La détermination des facteurs qui influencent le comportement de participation des ménages va permettre dans le cadre de la gestion de la RBP de repérer les variables sur lesquelles les autorités peuvent agir en vue de réduire la dégradation de la ressource forestière et d'assurer la gestion durable du parc.

Or, cette ressource forestière que constitue le bois énergie est en nette régression. Les politiques et institutions pour limiter cette régression ont mis en place plusieurs formes de stratégies de conservation. La conservation dans le milieu d'étude a pris aujourd'hui la forme de réserve de biosphère. Cette réserve se propose d'être bien plus qu'une aire protégée. Elle se veut être un moyen pour permettre aux populations riveraines de s'épanouir en équilibre avec leur milieu naturel. Pour remplir sa fonction complémentaire de conservation et d'utilisation durable des ressources naturelles, la réserve de biosphère est structurée en trois zones interdépendantes :

ü une aire centrale à laquelle les populations n'ont pas accès ;

ü une zone tampon dont certaines sous-zones seulement sont accessibles aux populations riveraines et ;

ü une aire de transition ou de coopération où les populations sont autorisées à s'établir et à exploiter durablement les ressources naturelles.

Or les femmes, les enfants voire les populations rurales concernées sont en général, traditionalistes, et ne reconnaissent pas les limites du terroir quand il s'agit du ramassage du bois de chauffage.
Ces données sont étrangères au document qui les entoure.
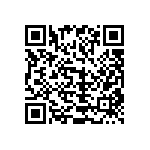 1210Y5000330JAR QRCode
Aussi sommes-nous en droit de nous demander si ces limites sont respectées dans l'exploitation du bois énergie (ce qui pourrait affecter la durabilité de la ressource) ? Quelles sont les conditions de la durabilité de cette exploitation ? Les facteurs socio-économiques, culturels et institutionnels n'expliquent-elles pas la dépendance des ménages vis-à-vis du bois énergie ? Est-ce-que la pauvreté empêche les ménages de participer aux actions de gestion de la RBP ? La législation en vigueur n'affecte-t-elle pas la contribution de cette ressource aux moyens d'existence de ces populations riveraines ? Autant de questions auxquelles que se propose de répondre cette étude.

Le cadre théorique de l'AMED nous offre un champ d'analyse idoine, pour arriver à cette fin. Il nous permettra de voir comment le bois énergie permet aux ménages riverains de la Réserve de Biosphère de la Pendjari d'améliorer leurs moyens d'existence. Il permettra aussi de comprendre comment les processus, institutions et politiques influent sur la contribution de cette ressource aux moyens d'existence, en vue d'éclairer les programmes de développement désireux de réduire la pression des populations sur cette ressource, sans pour autant augmenter leur vulnérabilité. Du fait que l'AMED est par nature holistique, dynamique et participative, les résultats qui en découleront seront d'autant plus pertinents, pratiques et conformes aux aspirations de la population cible.